» **Task statement**
Transcribe exactly, please, the lines from the one containing "Grohe Euro Ceramic" through the end of the records below, and leave out the pictures.

Segment Start: Listed records

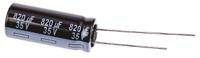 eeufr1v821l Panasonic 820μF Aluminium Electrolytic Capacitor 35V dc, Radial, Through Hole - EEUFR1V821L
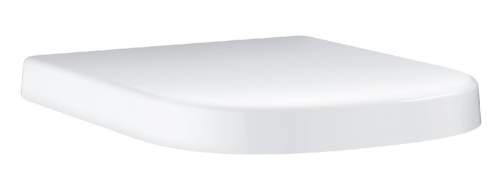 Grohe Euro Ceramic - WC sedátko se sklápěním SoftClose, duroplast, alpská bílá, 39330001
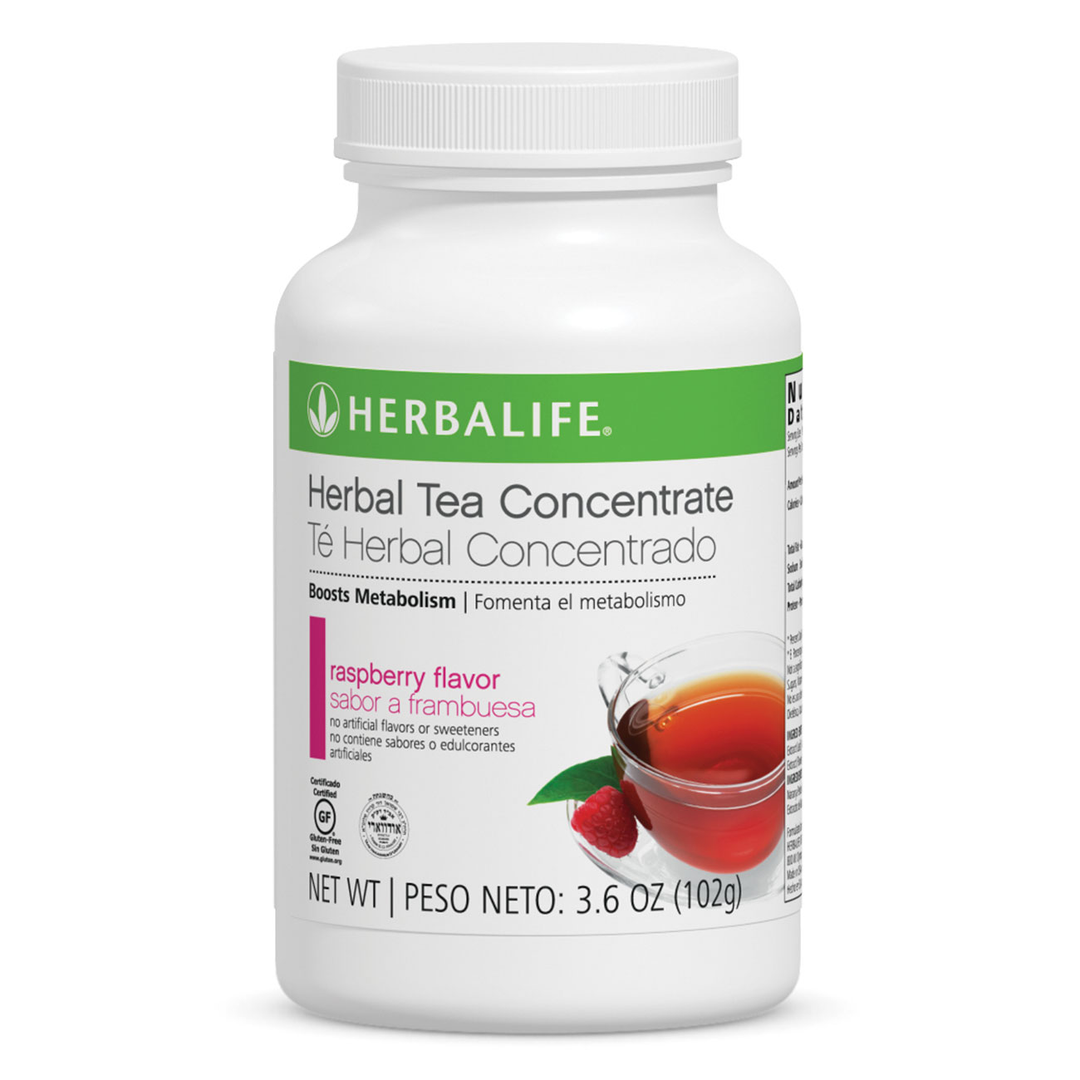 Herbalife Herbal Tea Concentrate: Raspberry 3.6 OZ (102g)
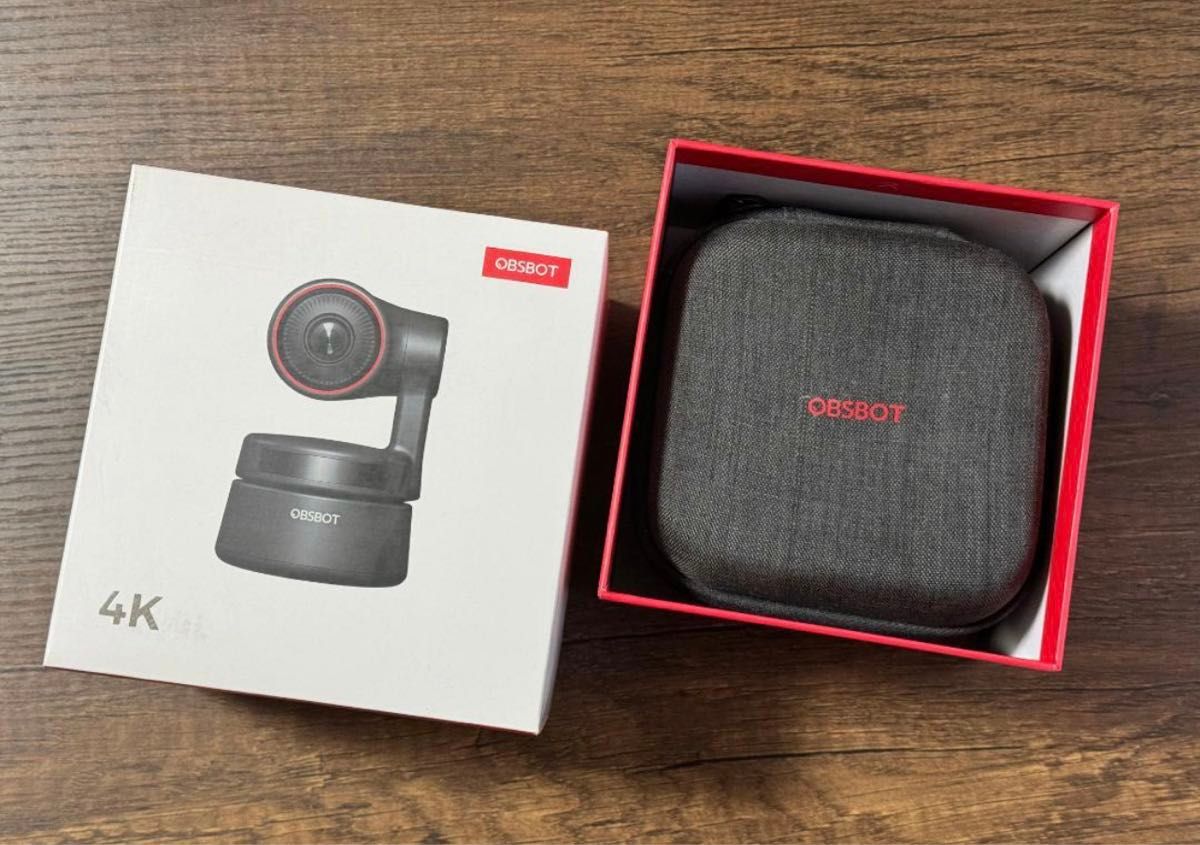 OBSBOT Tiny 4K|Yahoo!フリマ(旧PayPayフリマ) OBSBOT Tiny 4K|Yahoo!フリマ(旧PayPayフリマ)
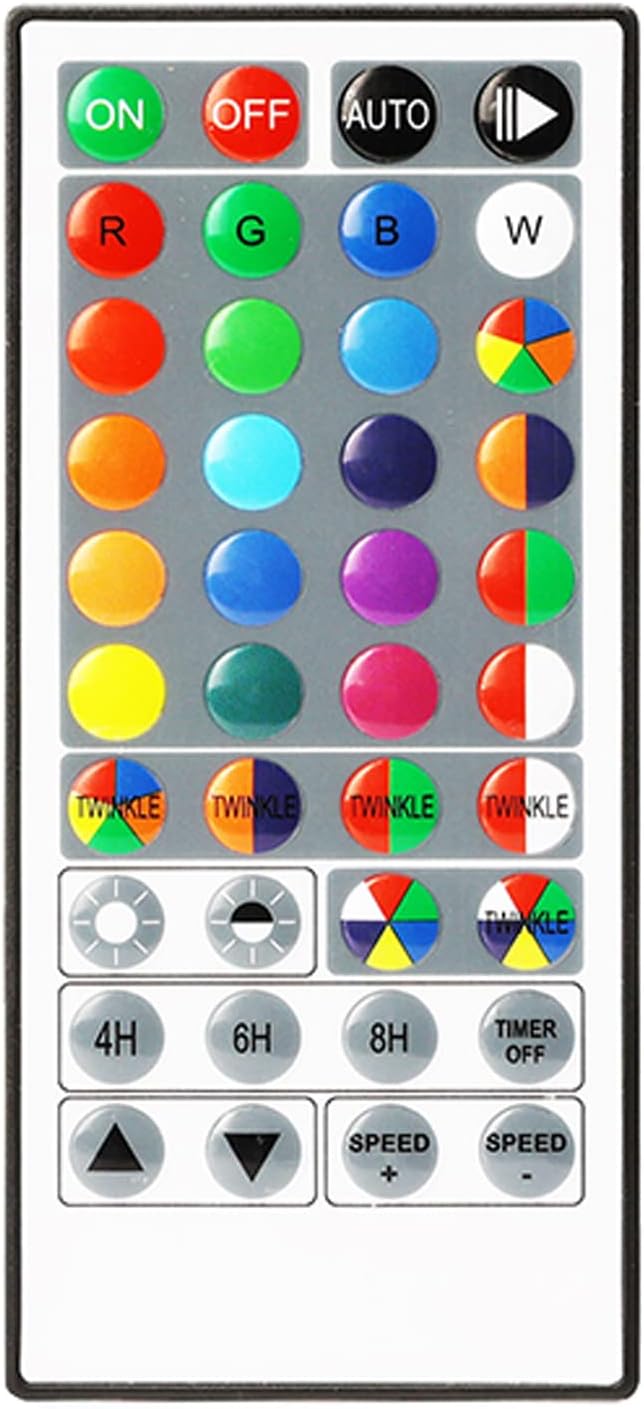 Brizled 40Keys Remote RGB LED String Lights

Segment End: Listed records

» **Answer space**
 Grohe Euro Ceramic - WC sedátko se sklápěním SoftClose, duroplast, alpská bílá, 39330001
 Herbalife Herbal Tea Concentrate: Raspberry 3.6 OZ (102g)
 OBSBOT Tiny 4K|Yahoo!フリマ(旧PayPayフリマ) OBSBOT Tiny 4K|Yahoo!フリマ(旧PayPayフリマ)
 Brizled 40Keys Remote RGB LED String Lights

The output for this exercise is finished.